Before university I was an extremely early-to-bed-early-to-rise kind of person, and I was already sleepy and in bed by around 9-10pm every night.
But I am a serial procrastinator, and I have extreme anxiety of the huge amount of work and studying I am presented with each day, a lot of this anxiety goes towards just putting everything off until it’s 10pm and I have a load of work to do before 8am the next day.
This work isn’t like High School where I could just do the homework quickly and move on, everything is about deep understanding of the content; and trying to comprehend complex mathematical and scientific things - something I can do, but I would much rather be doodling or reading or listening to music.
I wish I could treat nighttime as a sacred time of darkness, and silence, and of rest. Just surrender myself to the night season. Enjoy candlelight.
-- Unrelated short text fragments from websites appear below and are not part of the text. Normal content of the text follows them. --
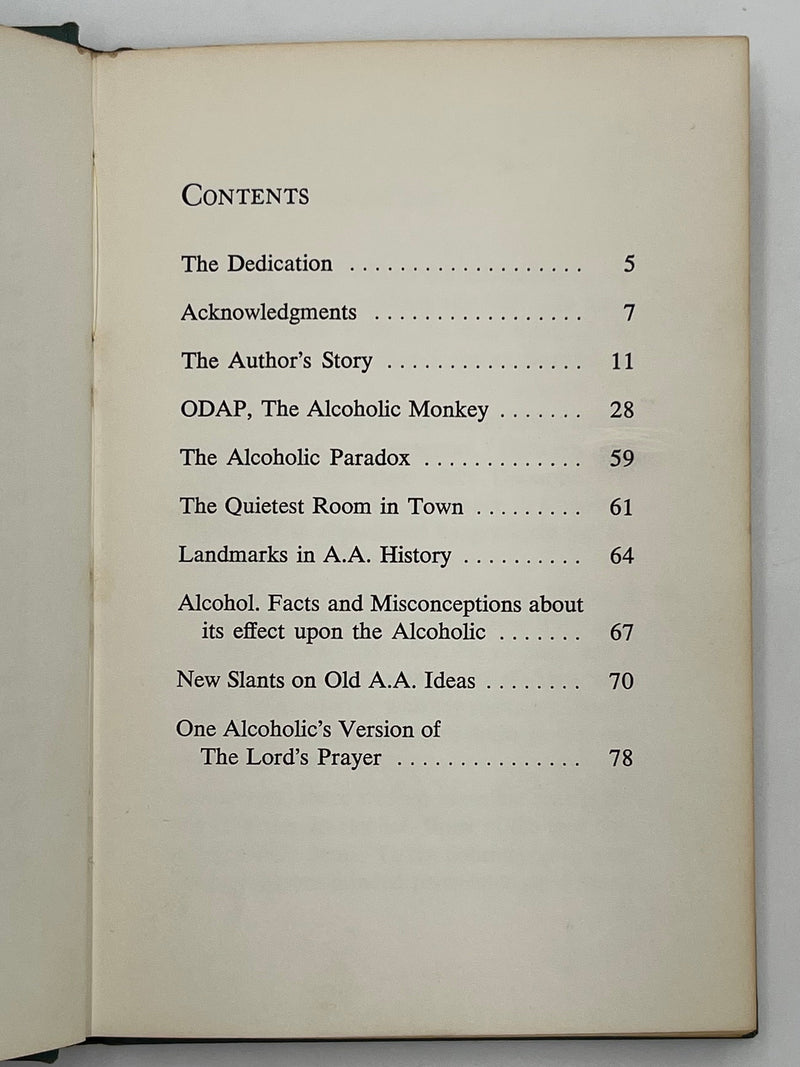 Our Devilish Alcoholic Personalities by the Author of the Little Red Book - First Printing 1970 Recovery Collectibles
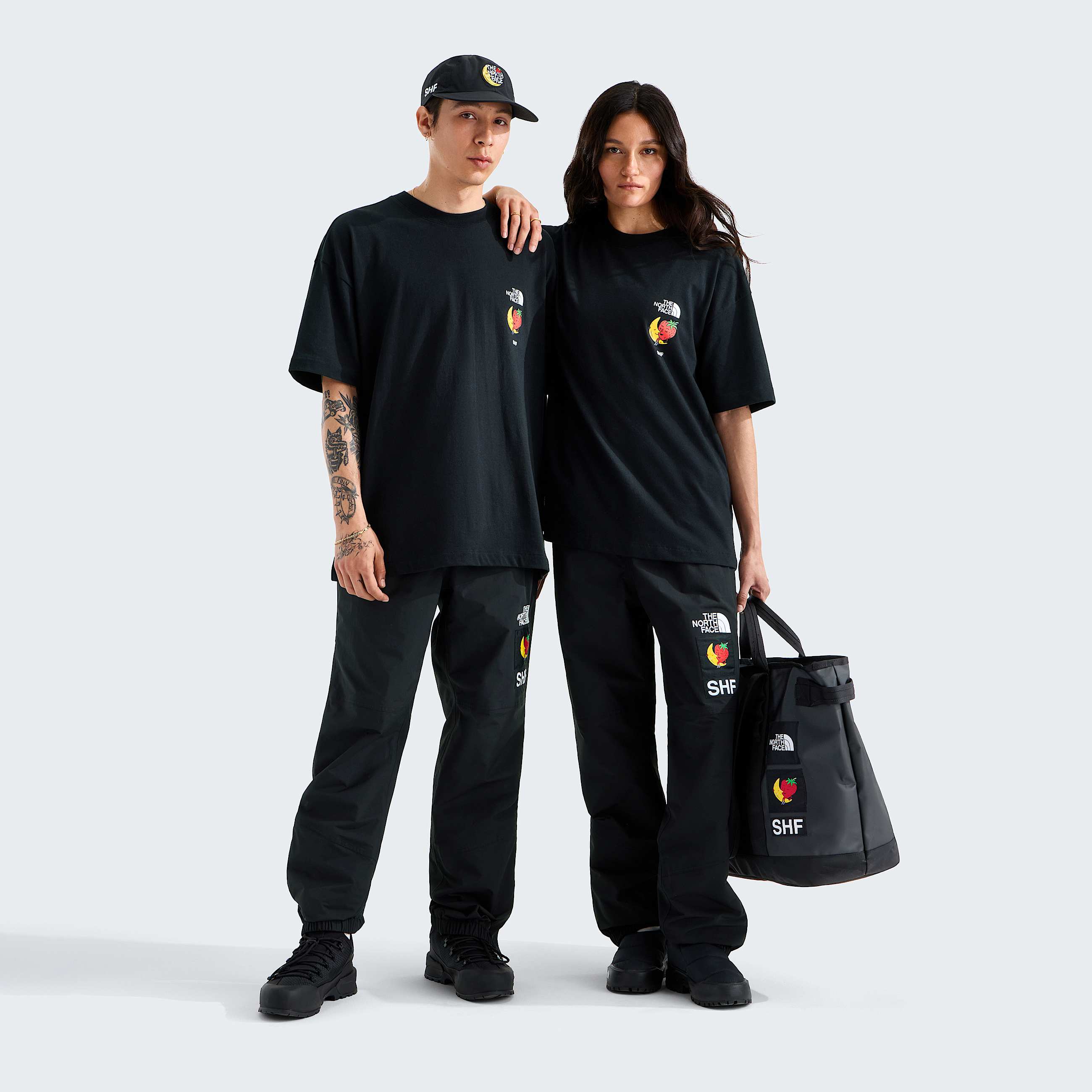 TNF X Sky High Farm TShirt TNF HERO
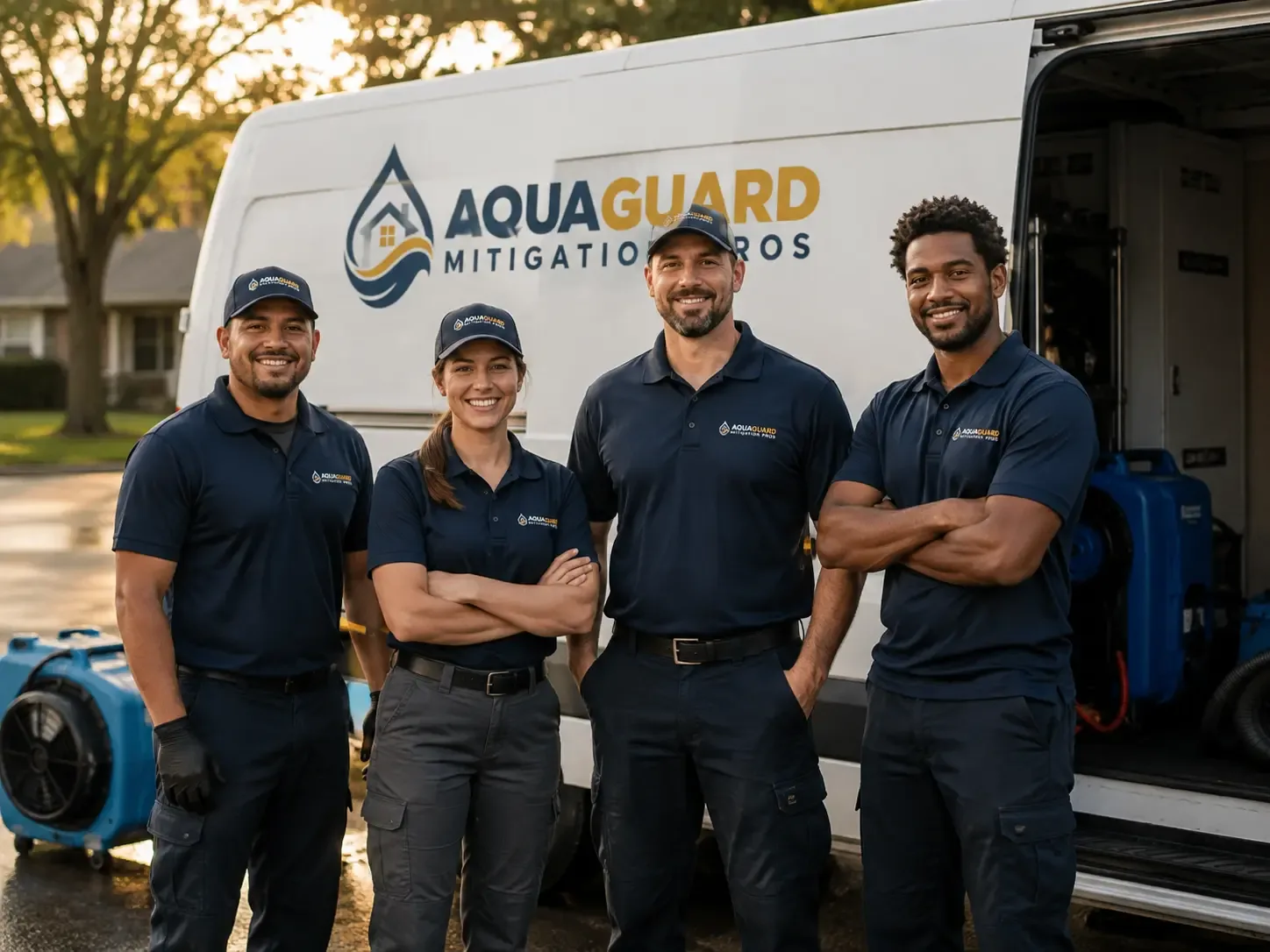 Water Damage Mitigation company in Burnham, PA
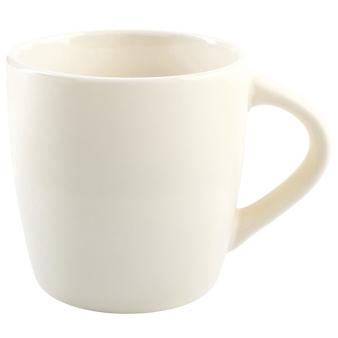 Tasse au&szlig;en matt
Instead my eyes are aching each night with the light from my iPad (something that will definitely reduce happiness after 9pm) reading up on all the work I need to catch up on, 10pm starts to feel more like 4pm, and 4 in the morning starts to feel more like bedtime.
Just thought I’d add some of the thoughts I had while reading.
Thank you for this lovely read, and I wish you well in the paid subscription model! Your posts are so lovely, they are written and researched so well. I hope that I can support you.
I have a bonus hourly nickname! I don't know if my mom was told this by her mother growing up or found this term on her own (she does I Ching and knows a lot of astrology + superstitious lore), but when I was growing up she would always refer to 4am (and sometimes 4pm) as the hour of the wolf. She said 4 in the morning is the most uncanny and listless time of night, where chaotic/bad things are more likely happen and human beings have less control/agency. She would warn me to beware of being up that late and would assure me that if anything bad happened at 4pm in the afternoon, it wasn't my fault and it was only because of the hour of the wolf.